## Your assignment
Excluding pictures, retype exactly the lines from the one with "pour 24 personnes" through the end of the records that follow.
----- Supplied records
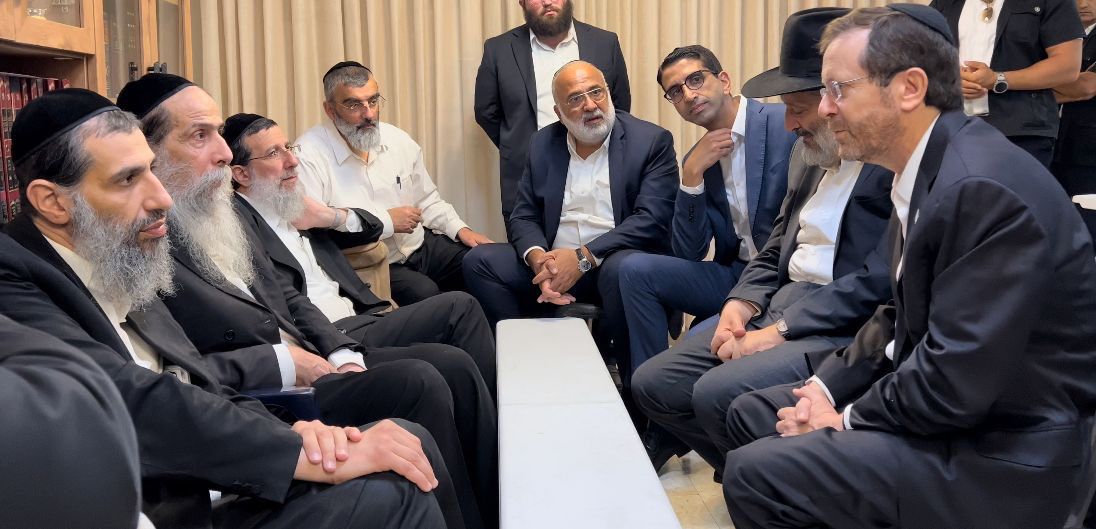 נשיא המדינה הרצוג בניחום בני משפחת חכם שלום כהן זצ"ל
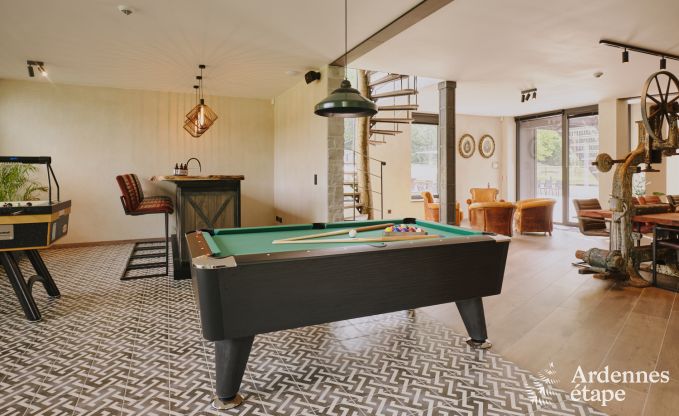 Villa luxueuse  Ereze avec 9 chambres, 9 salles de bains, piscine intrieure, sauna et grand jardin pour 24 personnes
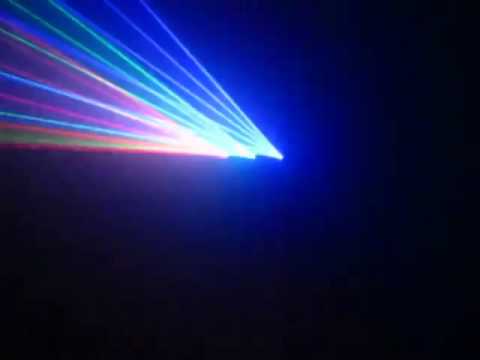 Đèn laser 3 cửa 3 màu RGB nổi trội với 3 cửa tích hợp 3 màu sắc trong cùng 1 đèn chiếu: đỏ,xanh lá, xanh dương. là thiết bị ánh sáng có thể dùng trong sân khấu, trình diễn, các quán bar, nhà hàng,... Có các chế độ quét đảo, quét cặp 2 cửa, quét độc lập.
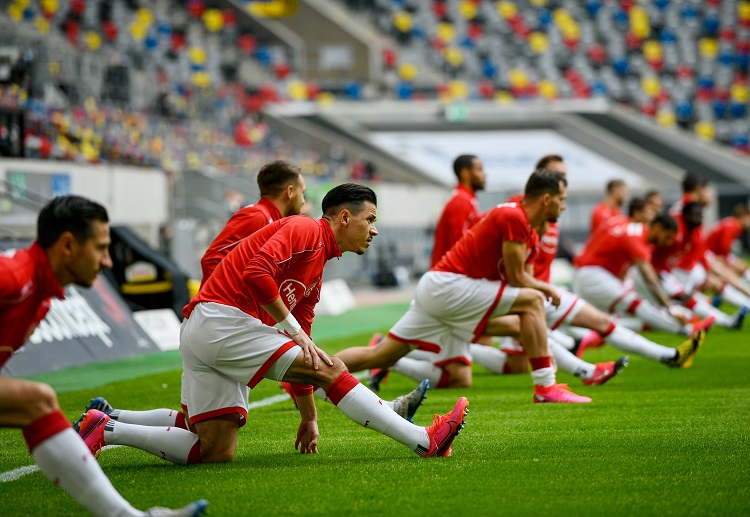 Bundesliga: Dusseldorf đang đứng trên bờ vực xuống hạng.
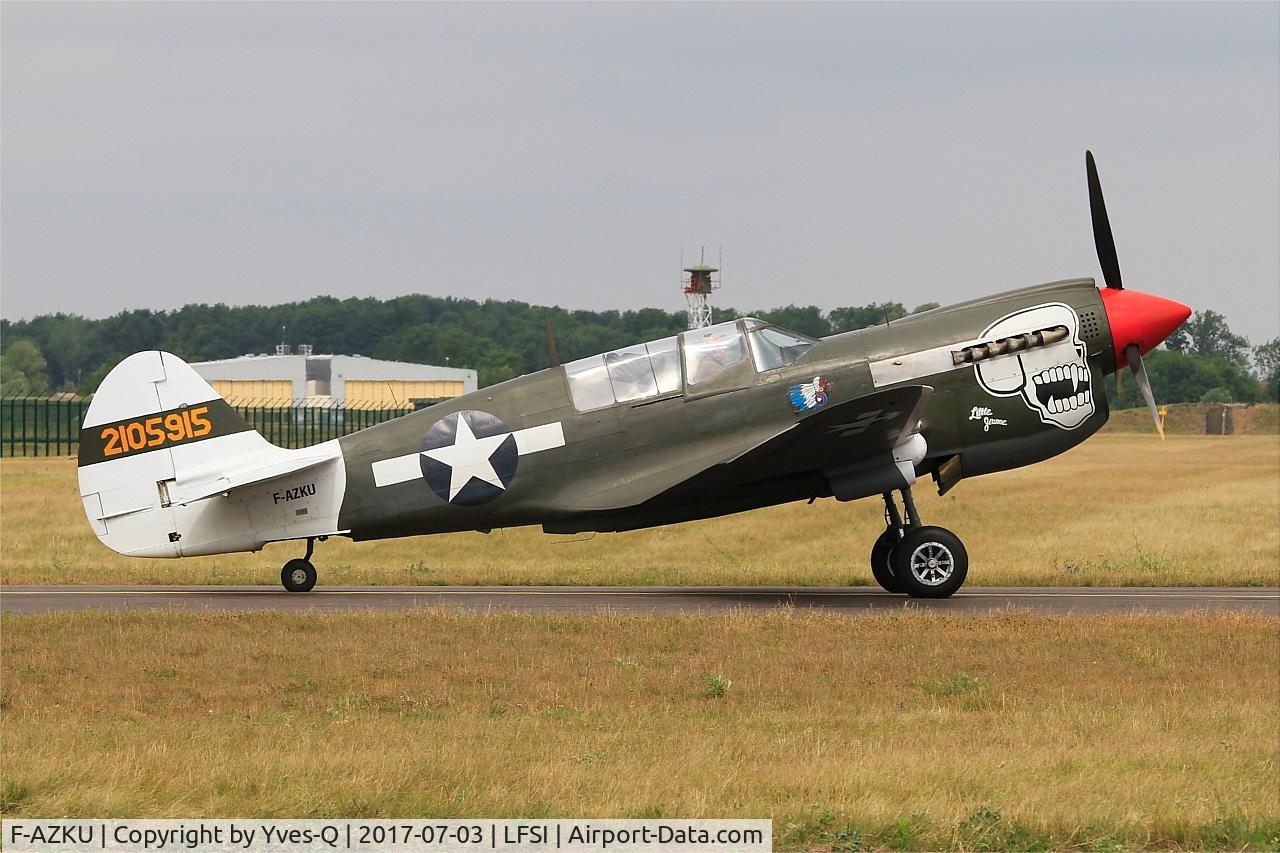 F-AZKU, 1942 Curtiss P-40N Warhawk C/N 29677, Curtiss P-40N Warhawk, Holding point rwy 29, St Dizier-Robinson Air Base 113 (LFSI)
----------
## Exercise result
 Villa luxueuse  Ereze avec 9 chambres, 9 salles de bains, piscine intrieure, sauna et grand jardin pour 24 personnes
 Đèn laser 3 cửa 3 màu RGB nổi trội với 3 cửa tích hợp 3 màu sắc trong cùng 1 đèn chiếu: đỏ,xanh lá, xanh dương. là thiết bị ánh sáng có thể dùng trong sân khấu, trình diễn, các quán bar, nhà hàng,... Có các chế độ quét đảo, quét cặp 2 cửa, quét độc lập.
 Bundesliga: Dusseldorf đang đứng trên bờ vực xuống hạng.
 F-AZKU, 1942 Curtiss P-40N Warhawk C/N 29677, Curtiss P-40N Warhawk, Holding point rwy 29, St Dizier-Robinson Air Base 113 (LFSI)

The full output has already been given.